# The three hypotheses/questions we have for this data are:
##        1. Did NFL home teams perform better in 2018?
##        2. Did Offenses get better as the season progressed?
##        3. Are passes thrown to the right side of the field more? And how do throws to the         middle and right compare to throws to the left in terms of yards in the air?

The data for this notebook can be found at https://www.kaggle.com/maxhorowitz/nflplaybyplay2009to2016?select=NFL+Play+by+Play+2009-2018+%28v5%29.csv
Please download the csv that has the NFL games from 2009 to 2018

In [None]:
import pandas as pd
from datetime import datetime
import matplotlib.pyplot as plt
import requests
from io import StringIO

In [None]:
#This code is not working so will hav to download the file to your computer

#Read the csv into a pandas dataframe
#orig_url = 'https://drive.google.com/file/d/1JHf7_TE1t35QXq_2n3VYngD9BhMpTUl1/view?usp=sharing'
#file_id = orig_url.split('/')[-2]
#dwn_url='https://drive.google.com/uc?export=download&id=' + file_id
#url = requests.get(dwn_url).text
#csv_raw = StringIO(url)
#NFL = pd.read_csv(csv_raw)

In [None]:
#Take the location of the downloaded csv on your computer and enter it into the input
file = input('Enter the location of the downloaded CSV: ')

In [None]:
NFL = pd.read_csv(file)

### First we entered the location of the NFL CSV which will then be read into a pandas dataframe.

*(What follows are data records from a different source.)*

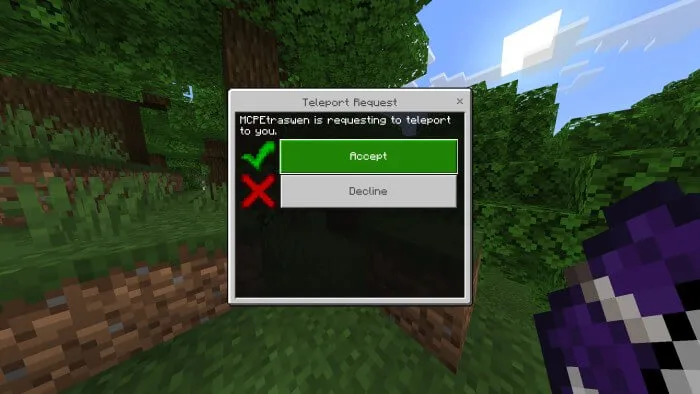 TPA: Teleport Addon screenshot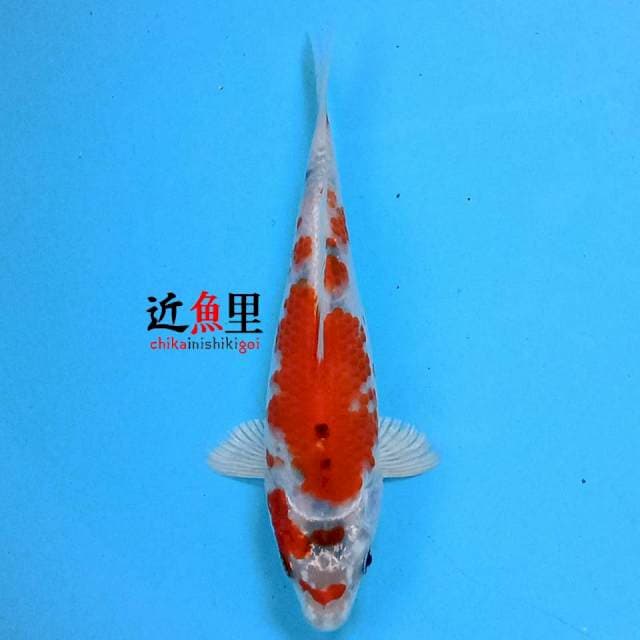 Kujaku 19 cm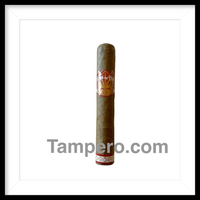 Load image into Gallery viewer, Isla del Sol Sun Grown Robusto
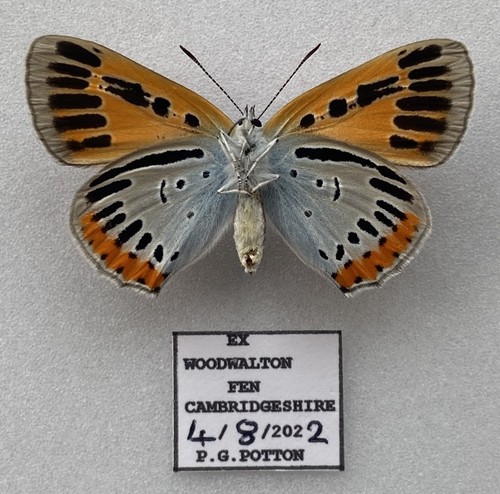 Large copper butterfly a set - large,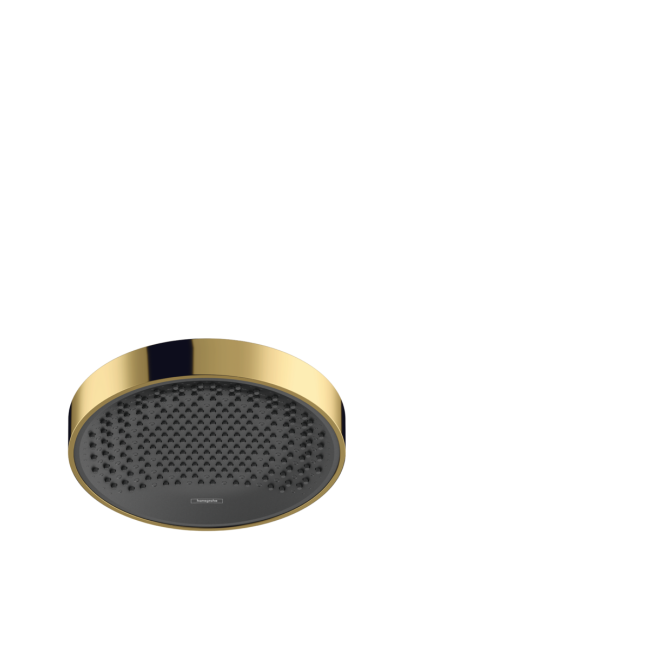 Верхний душ hansgrohe Rainfinity 250 1jet 26228990 золото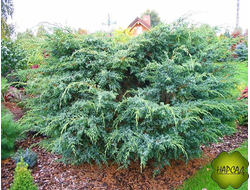 МОЖЖЕВЕЛЬНИК "МЕЙЕРИ" (саженец 30 см)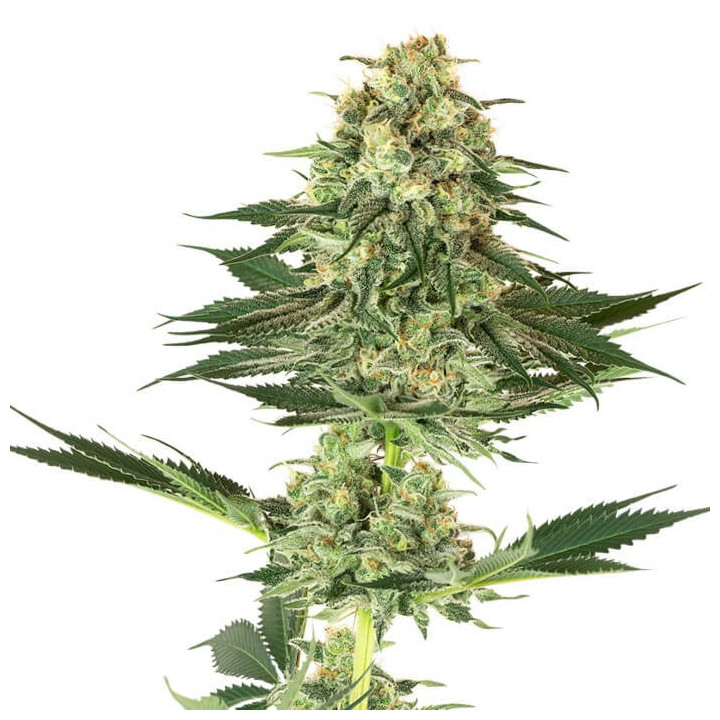 Banana Kush (White Label)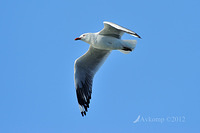 silver gull 4353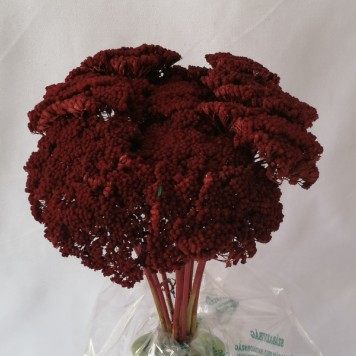 Achillea bordeaux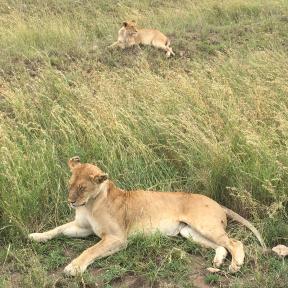 A Safari Travel a konzerv vadászat ellen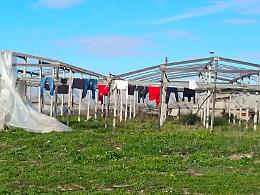 Marina di Acate, l'hub sanitario per gli "invisibili" fa discutere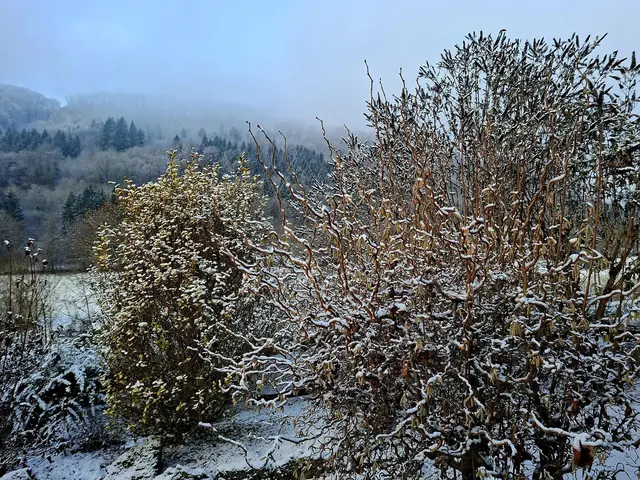 Ist das schön wenn ein wenig Schnee liegt❄️❄️❄️ | Foto: Ralf Röser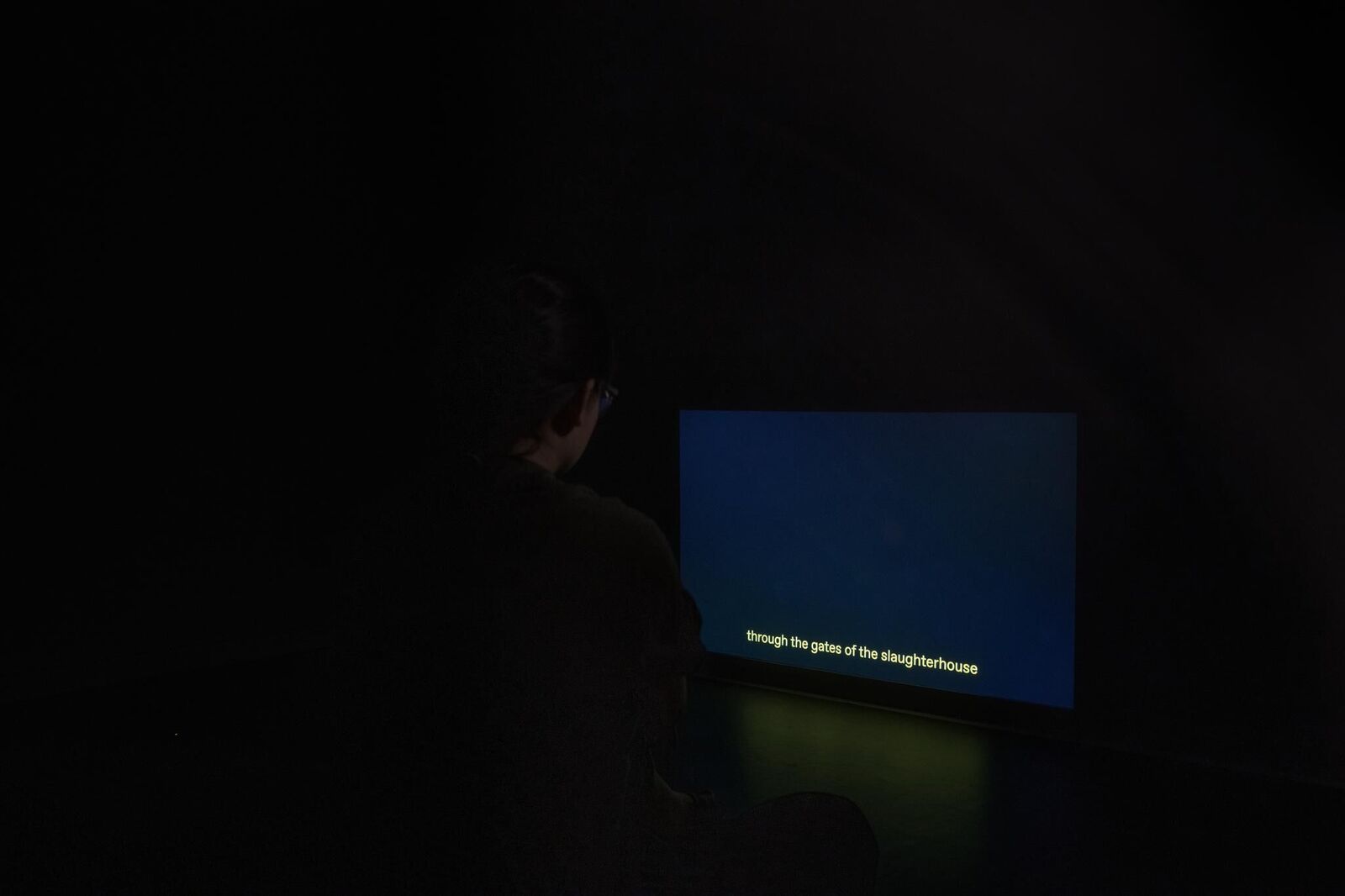 Gallery image of the project Live Stock / Live Animals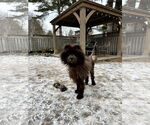 Small #3 Chow Chow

Next we will create a dataframe to only include games that are from 2018. 

In [None]:
NFL2018 = NFL.copy()
NFL2018['game_date'] = pd.to_datetime(NFL2018['game_date'], format = '%Y-%m-%d')
NFL2018 = NFL2018.loc[NFL2018['game_date'].astype(str).str[:4] == '2018']
NFL2018

## Each play of a certain game has that game's game_id. Next we will find the last play of each game to find the final score and compare how many times the home team won vs how many times the away team won. 

In [None]:
game = NFL2018.groupby('game_id')
FinalResults = game.last()
Scores = FinalResults[['total_home_score','total_away_score']]
Scores

In [None]:
# We will query here to count the instances where the home team won and the instances where the away team won
HomeWins = len(Scores.query('total_home_score > total_away_score'))
AwayWins = len(Scores.query('total_home_score < total_away_score'))

In [None]:
# Now visualize the counts of home vs. away wins in a bar chart
teams = ['Home', 'Away']
results = [HomeWins, AwayWins]
plt.bar(teams,results)
plt.xlabel('Home/Away')
plt.ylabel('Number of Wins')
plt.title('2018 NFL Home vs. Away Team Wins')
plt.show()

### It looks like it was advantageous to be the Home team in 2018.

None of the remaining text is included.